**Problem to work on**
All lines from the one with "슈프림 [해외직구] 슈프림" to the end of the data: return those exactly, and only those.

**Dataset excerpts**

##########

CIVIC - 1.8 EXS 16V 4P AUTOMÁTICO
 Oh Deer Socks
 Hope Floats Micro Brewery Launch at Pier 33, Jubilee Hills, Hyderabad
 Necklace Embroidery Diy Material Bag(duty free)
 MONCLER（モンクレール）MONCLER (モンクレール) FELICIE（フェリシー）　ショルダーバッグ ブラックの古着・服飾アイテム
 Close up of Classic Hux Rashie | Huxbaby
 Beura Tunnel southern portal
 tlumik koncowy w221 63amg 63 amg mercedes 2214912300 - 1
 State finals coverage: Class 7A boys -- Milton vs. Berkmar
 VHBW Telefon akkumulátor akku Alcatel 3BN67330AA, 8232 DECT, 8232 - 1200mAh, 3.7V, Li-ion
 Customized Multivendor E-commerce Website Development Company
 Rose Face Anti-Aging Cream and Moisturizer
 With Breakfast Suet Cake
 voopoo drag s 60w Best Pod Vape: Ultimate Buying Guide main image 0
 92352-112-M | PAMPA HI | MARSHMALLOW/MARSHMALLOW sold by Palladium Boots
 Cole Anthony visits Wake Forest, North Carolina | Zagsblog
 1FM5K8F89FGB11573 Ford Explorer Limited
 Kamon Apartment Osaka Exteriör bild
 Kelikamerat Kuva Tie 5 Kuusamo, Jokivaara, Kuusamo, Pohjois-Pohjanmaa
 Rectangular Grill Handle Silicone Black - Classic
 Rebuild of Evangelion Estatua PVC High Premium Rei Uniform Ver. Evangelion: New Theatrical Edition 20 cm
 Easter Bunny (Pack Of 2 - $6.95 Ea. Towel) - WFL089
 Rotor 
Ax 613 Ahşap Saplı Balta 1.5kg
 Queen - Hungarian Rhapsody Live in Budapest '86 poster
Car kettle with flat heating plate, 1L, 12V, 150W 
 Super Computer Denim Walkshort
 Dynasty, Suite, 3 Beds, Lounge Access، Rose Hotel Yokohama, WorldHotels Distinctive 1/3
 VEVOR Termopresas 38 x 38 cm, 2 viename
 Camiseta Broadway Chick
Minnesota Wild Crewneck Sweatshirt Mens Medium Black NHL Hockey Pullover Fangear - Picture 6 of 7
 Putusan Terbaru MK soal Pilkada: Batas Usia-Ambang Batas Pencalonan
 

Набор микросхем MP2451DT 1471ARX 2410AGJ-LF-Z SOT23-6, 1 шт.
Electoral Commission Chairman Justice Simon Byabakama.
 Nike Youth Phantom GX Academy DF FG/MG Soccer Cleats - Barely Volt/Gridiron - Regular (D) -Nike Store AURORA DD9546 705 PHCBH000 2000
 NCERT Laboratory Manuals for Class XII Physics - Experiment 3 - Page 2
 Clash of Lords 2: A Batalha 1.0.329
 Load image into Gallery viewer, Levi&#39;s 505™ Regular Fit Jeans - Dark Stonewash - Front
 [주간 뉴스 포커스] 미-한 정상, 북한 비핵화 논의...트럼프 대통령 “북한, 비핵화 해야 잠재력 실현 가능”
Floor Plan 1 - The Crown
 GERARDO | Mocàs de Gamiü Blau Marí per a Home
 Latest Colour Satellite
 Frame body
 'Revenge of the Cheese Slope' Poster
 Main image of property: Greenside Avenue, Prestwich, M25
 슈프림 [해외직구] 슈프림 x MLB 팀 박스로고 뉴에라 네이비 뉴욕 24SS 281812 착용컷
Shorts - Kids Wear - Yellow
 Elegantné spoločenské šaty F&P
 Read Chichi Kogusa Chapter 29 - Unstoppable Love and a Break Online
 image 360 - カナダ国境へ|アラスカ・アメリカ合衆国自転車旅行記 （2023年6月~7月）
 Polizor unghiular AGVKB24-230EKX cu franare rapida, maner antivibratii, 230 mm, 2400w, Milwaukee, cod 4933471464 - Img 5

##########

**Task result**
 슈프림 [해외직구] 슈프림 x MLB 팀 박스로고 뉴에라 네이비 뉴욕 24SS 281812 착용컷
Shorts - Kids Wear - Yellow
 Elegantné spoločenské šaty F&P
 Read Chichi Kogusa Chapter 29 - Unstoppable Love and a Break Online
 image 360 - カナダ国境へ|アラスカ・アメリカ合衆国自転車旅行記 （2023年6月~7月）
 Polizor unghiular AGVKB24-230EKX cu franare rapida, maner antivibratii, 230 mm, 2400w, Milwaukee, cod 4933471464 - Img 5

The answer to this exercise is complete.